#### [Source data]
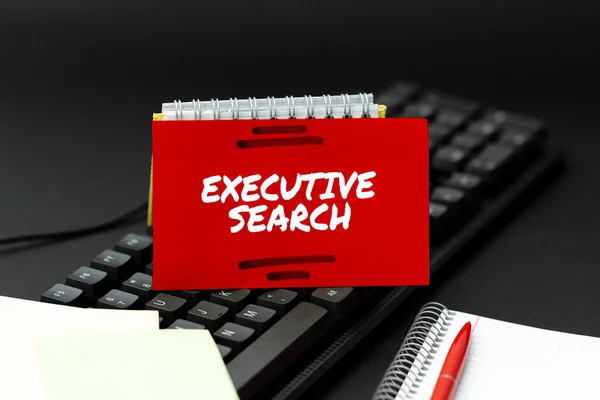 Texto que muestra inspiración Executive Search. Conceptual foto reclutamiento organizaciones de servicios de pago para buscar candidatos Entrada de información importante en línea, Escribir divertido Blog de Internet — Foto de Stock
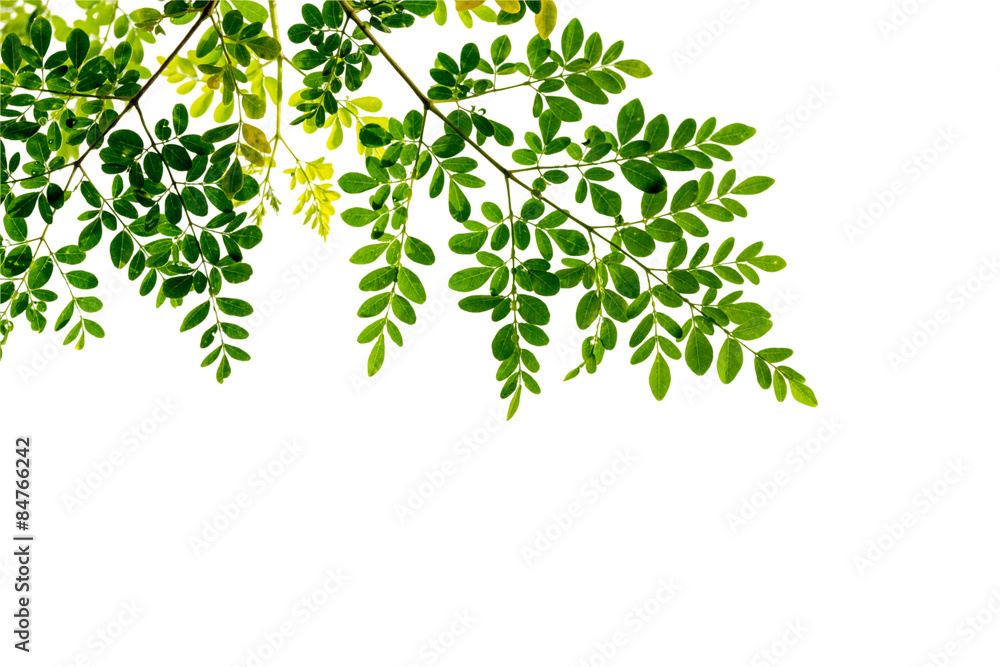 green leaf on white  background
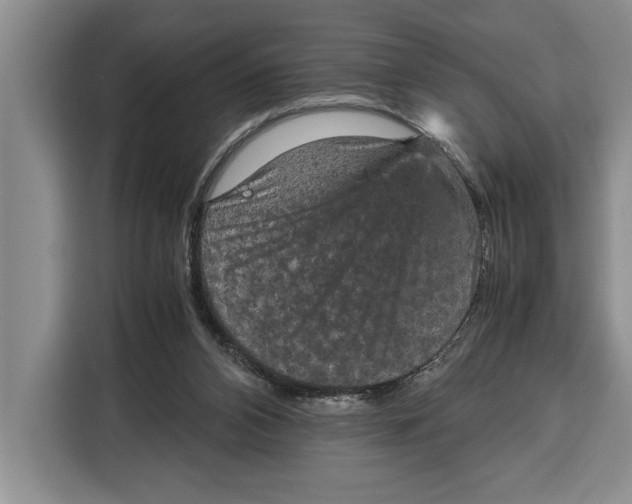 X0000115120112200911241355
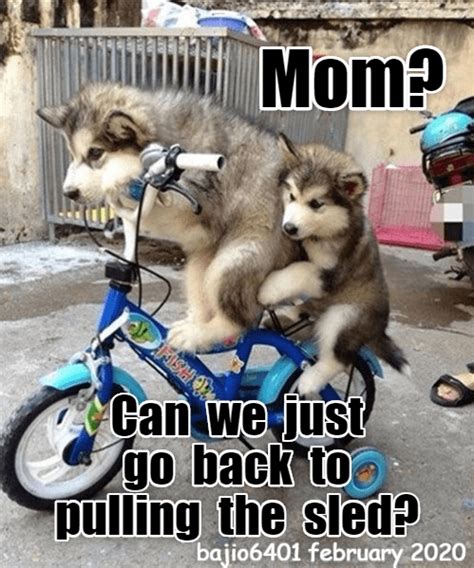 THIS BIKE IS JUST NOT WORKING OUT | Cycling humor, Pet dogs, Biking workout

#### [What is being asked]
Give again, exactly, each line from the one that contains "X0000115120112200911241355" through the last line of the material above. Pictures do not belong in the copy.

#### [Task solution]
 X0000115120112200911241355
 THIS BIKE IS JUST NOT WORKING OUT | Cycling humor, Pet dogs, Biking workout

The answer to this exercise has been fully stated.